## EXCERPTED RECORDS

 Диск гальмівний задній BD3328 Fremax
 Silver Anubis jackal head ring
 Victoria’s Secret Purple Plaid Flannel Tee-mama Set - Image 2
* * *
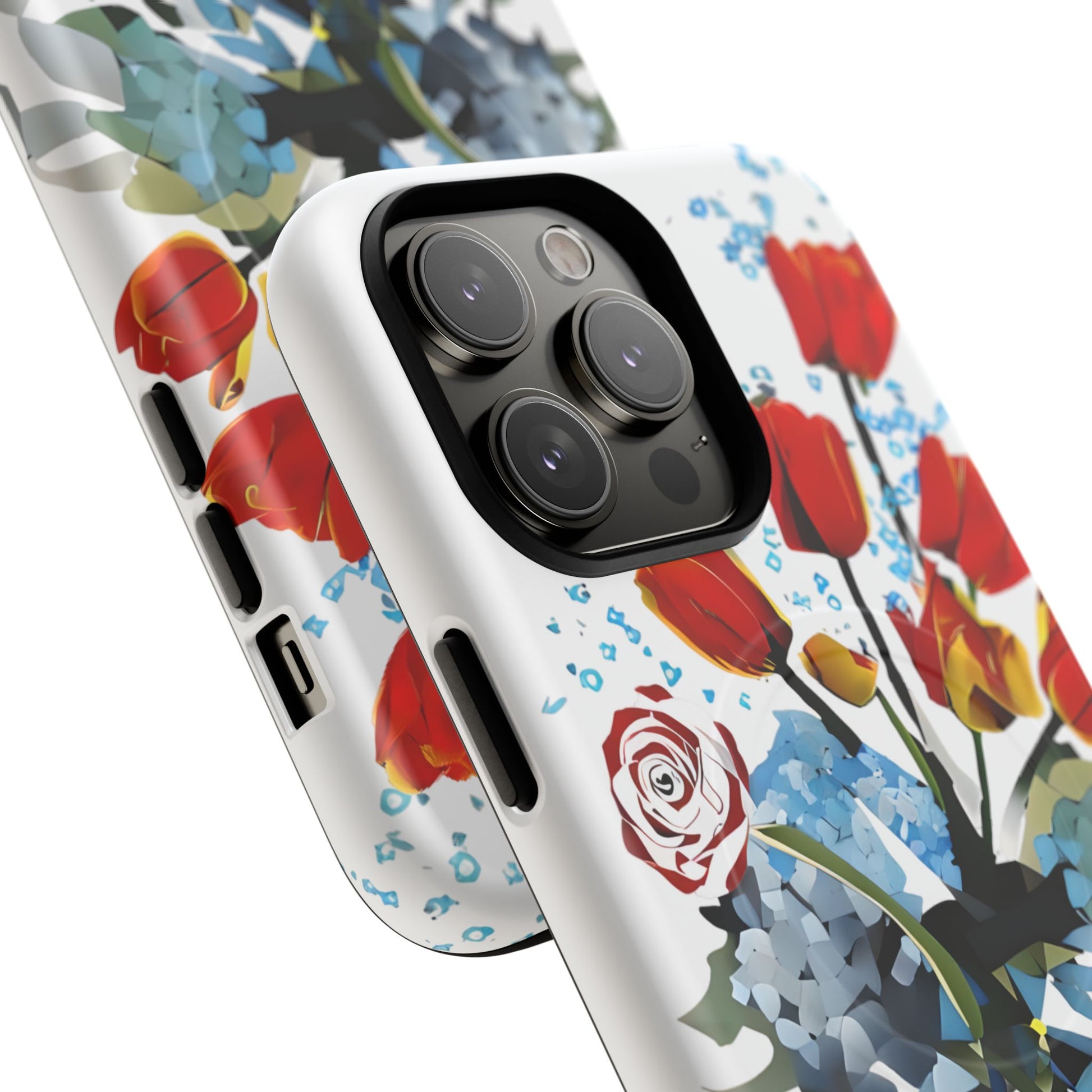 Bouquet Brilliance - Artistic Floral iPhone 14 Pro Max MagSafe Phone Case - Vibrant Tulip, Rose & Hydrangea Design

## DIRECTIONS
Keep both end lines and retype everything in the records above from the line containing "Silver Anubis jackal head ring" through the line containing "Victoria’s Secret Purple", exactly, with nothing else.

## RESULT OF THE EXERCISE
 Silver Anubis jackal head ring
 Victoria’s Secret Purple Plaid Flannel Tee-mama Set - Image 2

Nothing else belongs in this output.